(The problem) Go through the entries below. Copy out every line that contains "Benz".

*** Supplied data Section Begins ***

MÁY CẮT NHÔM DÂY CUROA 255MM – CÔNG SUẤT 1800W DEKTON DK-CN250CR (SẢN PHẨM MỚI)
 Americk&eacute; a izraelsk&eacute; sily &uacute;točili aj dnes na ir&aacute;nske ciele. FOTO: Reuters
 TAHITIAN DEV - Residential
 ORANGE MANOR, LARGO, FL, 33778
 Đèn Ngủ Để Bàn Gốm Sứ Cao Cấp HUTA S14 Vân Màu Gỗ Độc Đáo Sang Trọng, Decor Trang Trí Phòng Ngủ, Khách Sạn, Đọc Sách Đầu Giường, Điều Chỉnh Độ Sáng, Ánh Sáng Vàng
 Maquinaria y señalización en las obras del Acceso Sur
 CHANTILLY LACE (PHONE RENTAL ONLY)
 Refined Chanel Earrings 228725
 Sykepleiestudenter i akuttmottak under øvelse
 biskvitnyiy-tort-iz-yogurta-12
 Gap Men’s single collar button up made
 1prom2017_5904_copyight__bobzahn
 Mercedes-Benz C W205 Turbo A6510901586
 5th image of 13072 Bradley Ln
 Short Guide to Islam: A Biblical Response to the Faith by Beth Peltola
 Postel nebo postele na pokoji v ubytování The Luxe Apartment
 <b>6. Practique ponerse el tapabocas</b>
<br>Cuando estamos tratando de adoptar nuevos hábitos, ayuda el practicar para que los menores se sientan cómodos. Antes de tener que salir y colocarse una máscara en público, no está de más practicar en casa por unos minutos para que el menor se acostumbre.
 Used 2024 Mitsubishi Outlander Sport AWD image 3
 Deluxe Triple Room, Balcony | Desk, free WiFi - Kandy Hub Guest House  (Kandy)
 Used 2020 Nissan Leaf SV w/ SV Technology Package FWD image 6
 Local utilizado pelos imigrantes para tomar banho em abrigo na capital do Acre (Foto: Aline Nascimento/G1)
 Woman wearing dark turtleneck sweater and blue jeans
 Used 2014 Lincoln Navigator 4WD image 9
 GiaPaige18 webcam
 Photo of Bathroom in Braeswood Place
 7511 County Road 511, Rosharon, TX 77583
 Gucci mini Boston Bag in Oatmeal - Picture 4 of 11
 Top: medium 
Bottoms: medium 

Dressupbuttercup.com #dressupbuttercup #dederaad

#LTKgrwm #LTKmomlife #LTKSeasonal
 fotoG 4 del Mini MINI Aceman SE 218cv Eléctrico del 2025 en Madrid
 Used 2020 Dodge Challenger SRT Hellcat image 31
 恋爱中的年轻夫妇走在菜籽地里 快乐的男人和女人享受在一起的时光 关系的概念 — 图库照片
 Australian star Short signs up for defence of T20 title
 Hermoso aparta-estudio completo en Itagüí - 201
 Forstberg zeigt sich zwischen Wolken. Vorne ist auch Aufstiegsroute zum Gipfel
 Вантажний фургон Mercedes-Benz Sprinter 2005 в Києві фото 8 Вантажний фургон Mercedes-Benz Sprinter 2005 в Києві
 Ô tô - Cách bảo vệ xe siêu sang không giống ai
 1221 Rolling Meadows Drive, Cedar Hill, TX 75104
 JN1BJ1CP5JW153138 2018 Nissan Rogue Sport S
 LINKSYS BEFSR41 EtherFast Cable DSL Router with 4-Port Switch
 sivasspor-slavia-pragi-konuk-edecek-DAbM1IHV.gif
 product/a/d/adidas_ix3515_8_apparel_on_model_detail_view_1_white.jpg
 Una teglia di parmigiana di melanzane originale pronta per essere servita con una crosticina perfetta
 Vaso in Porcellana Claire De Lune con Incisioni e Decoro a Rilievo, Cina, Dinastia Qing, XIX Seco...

*** Supplied data Section Ends ***

(Answer box)
 Mercedes-Benz C W205 Turbo A6510901586
 Вантажний фургон Mercedes-Benz Sprinter 2005 в Києві фото 8 Вантажний фургон Mercedes-Benz Sprinter 2005 в Києві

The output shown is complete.